◆ YOUR ASSIGNMENT ◆
Output all the data below verbatim.

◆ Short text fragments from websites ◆
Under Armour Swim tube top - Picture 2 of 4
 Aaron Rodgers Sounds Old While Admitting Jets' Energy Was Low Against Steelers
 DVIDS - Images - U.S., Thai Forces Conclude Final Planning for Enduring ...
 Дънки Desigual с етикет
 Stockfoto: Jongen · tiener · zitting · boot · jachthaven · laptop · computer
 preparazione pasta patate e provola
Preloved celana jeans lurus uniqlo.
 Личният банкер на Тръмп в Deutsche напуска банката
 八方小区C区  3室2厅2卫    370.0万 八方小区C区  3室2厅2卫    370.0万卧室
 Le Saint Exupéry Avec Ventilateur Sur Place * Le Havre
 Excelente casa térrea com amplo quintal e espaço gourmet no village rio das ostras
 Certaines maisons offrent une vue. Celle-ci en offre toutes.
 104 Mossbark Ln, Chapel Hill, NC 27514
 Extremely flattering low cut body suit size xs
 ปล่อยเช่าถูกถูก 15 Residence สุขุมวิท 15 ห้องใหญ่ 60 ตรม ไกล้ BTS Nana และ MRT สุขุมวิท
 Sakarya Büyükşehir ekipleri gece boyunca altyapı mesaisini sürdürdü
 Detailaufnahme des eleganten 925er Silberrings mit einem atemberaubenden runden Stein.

◆ EXERCISE OUTPUT ◆
Under Armour Swim tube top - Picture 2 of 4
 Aaron Rodgers Sounds Old While Admitting Jets' Energy Was Low Against Steelers
 DVIDS - Images - U.S., Thai Forces Conclude Final Planning for Enduring ...
 Дънки Desigual с етикет
 Stockfoto: Jongen · tiener · zitting · boot · jachthaven · laptop · computer
 preparazione pasta patate e provola
Preloved celana jeans lurus uniqlo.
 Личният банкер на Тръмп в Deutsche напуска банката
 八方小区C区  3室2厅2卫    370.0万 八方小区C区  3室2厅2卫    370.0万卧室
 Le Saint Exupéry Avec Ventilateur Sur Place * Le Havre
 Excelente casa térrea com amplo quintal e espaço gourmet no village rio das ostras
 Certaines maisons offrent une vue. Celle-ci en offre toutes.
 104 Mossbark Ln, Chapel Hill, NC 27514
 Extremely flattering low cut body suit size xs
 ปล่อยเช่าถูกถูก 15 Residence สุขุมวิท 15 ห้องใหญ่ 60 ตรม ไกล้ BTS Nana และ MRT สุขุมวิท
 Sakarya Büyükşehir ekipleri gece boyunca altyapı mesaisini sürdürdü
 Detailaufnahme des eleganten 925er Silberrings mit einem atemberaubenden runden Stein.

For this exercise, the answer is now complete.